Bloomberg BNA is an affiliate of Bloomberg L.P., which operates Bloomberg SEF.

Rejection, Review

The SEC rejected an exemption for the bitcoin ETF in March, citing a lack of surveillance-sharing agreements with regulated markets that traded the commodity. The agency began reviewing its decision on the ETF in April based on a request by Bats BZX Exchange Inc., which is seeking to list the fund and which made the initial submission.

The SEC will watch to see the volume on LedgerX, and likely keep tabs on how the SEF and clearinghouse oversee trading under the CFTC’s supervision.

Registration allows trading venues and clearinghouses to begin operations, but doesn’t necessarily predict how well a particular entity will comply. “There have been self-regulatory organizations whose registrations were approved, but not long after were struggling with ongoing compliance with regulatory requirements,” said Wenchi Hu, a Latham & Watkins partner in New York who previously was head of the SEC’s Office of Clearance and Settlement Supervision and a senior counsel in the Office of Derivatives Policy.

The SEC declined to comment for this story.

LedgerX probably won’t bear the entire burden of establishing a secondary market for trading cryptocurrencies like bitcoin. The Chicago Board Options Exchange has said it plans to create a futures contract based on bitcoin, possibly by the end of the year.
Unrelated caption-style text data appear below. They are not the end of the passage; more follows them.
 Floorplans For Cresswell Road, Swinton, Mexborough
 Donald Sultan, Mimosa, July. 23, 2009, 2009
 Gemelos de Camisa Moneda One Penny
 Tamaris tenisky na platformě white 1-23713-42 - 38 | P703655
Such a development would be “much more significant” than LedgerX, given CBOE’s higher profile and retail investors’ easier access to futures, said Jeffrey Robins, a partner at Cadwalader, Wickersham & Taft LLP, New York, and co-chairman of its Financial Services Group.

Piece of the Puzzle

The CFTC’s decision on LedgerX is “more of a piece of the puzzle for the SEC,” said Nicolette Kost de Sevres, a partner in Mayer Brown LLP’s Washington office who represents derivatives exchanges and trading firms in compliance matters.

It’s too early to say whether bitcoin will be the dominant cryptocurrency in the long run, Robins said, given its competition with other digital assets.
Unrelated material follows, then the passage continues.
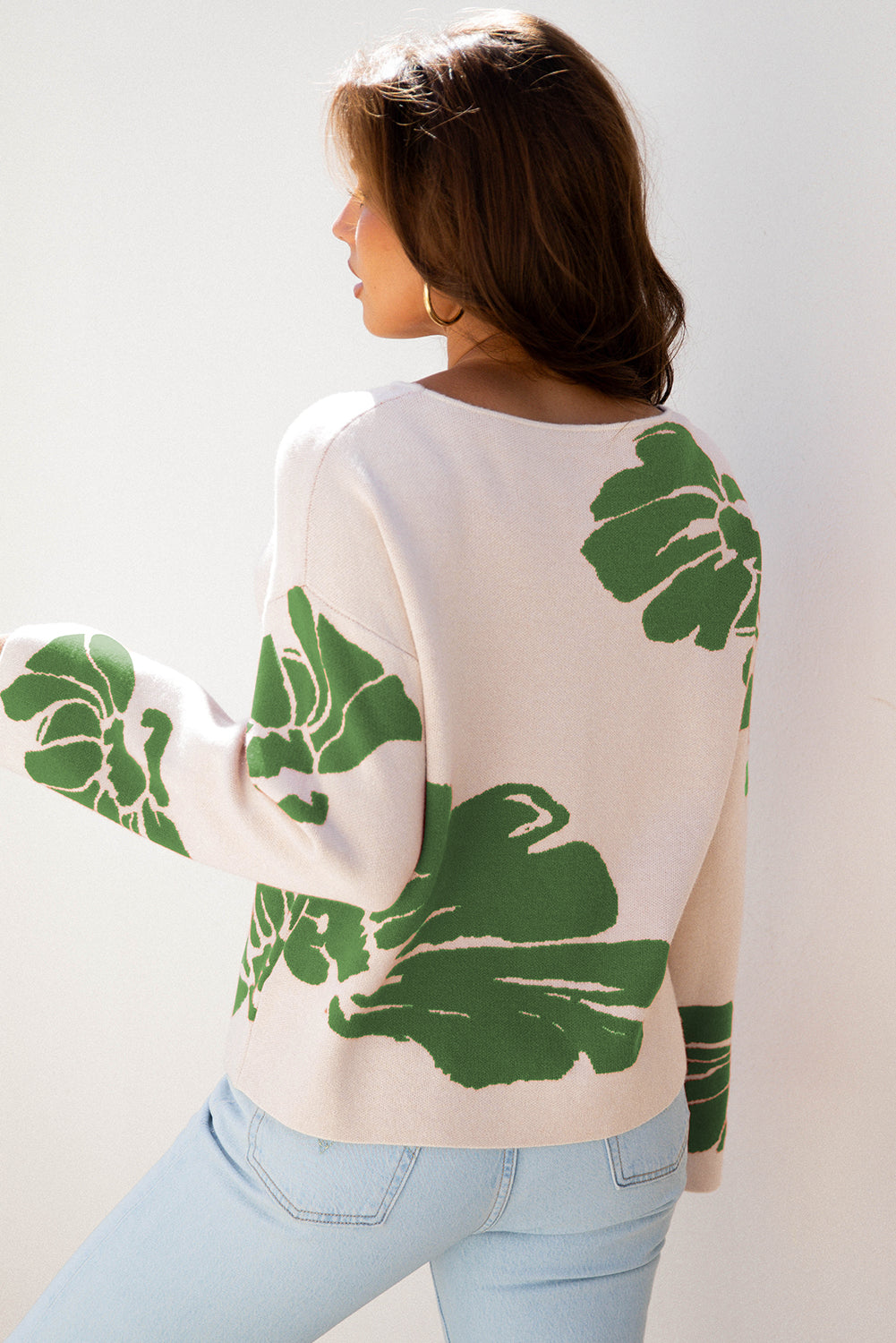 Floral Wide Sleeve Sweater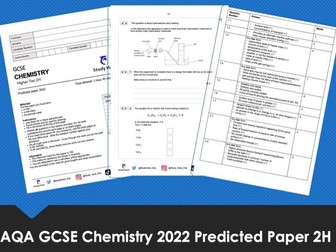 AQA GCSE Chemistry 2022 Triple Higher Paper 2 PREDICTED PAPER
Attorneys had different ideas about how long the SEC’s review might take. The agency has no statutory time frame to abide by and no incentive to make a fast decision, Architzel said. Kost de Sevres, however, said that given interest in the new product, the commission might be inclined to act sooner rather than later.

Differing Mandates

The differing approaches to bitcoin from the SEC and CFTC can partly be explained by the two market regulators’ distinct mandates.

The SEC is primarily responsible for protecting retail investors and facilitating capital formation. The CFTC is tasked mainly with keeping derivatives markets, which typically have more sophisticated users than SEC-regulated markets, functioning efficiently.
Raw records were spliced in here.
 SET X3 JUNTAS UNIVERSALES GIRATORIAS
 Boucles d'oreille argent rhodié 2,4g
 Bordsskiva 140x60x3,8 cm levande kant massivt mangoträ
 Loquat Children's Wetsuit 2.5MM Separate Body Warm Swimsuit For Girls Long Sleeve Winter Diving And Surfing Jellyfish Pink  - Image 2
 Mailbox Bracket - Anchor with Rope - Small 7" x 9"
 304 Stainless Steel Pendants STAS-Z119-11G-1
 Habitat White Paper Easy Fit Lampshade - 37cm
The SEC’s March decision and the CFTC’s July decisions are consistent with those mandates.

“What you see are cautious steps by both agencies that are driven by the specific challenges facing each market,” Brian Daly, a Schulte Roth & Zabel, New York, partner who specializes in SEC and CFTC compliance, told Bloomberg BNA.

Jeff Bandman, the former director of the CFTC financial technology unit, said the SEC’s March decision and its July report on the sale of digital tokens are in keeping with its investor protection and capital raising mandates. The July statement is “providing a path to legal certainty” for digital assets and digital coin offerings, Bandman, who now operates consulting firm Bandman Advisors in New York, said. By saying it could have brought an enforcement action against a startup known as DAO, which raised about $150 million through an unregistered digital coin offering in 2016, the SEC is “putting the market on notice,” Bandman said.

The CFTC’s LedgerX decisions and the SEC’s July report “are both very pro the evolution and maturation of these markets,” Bandman said. “I view those as very positive.”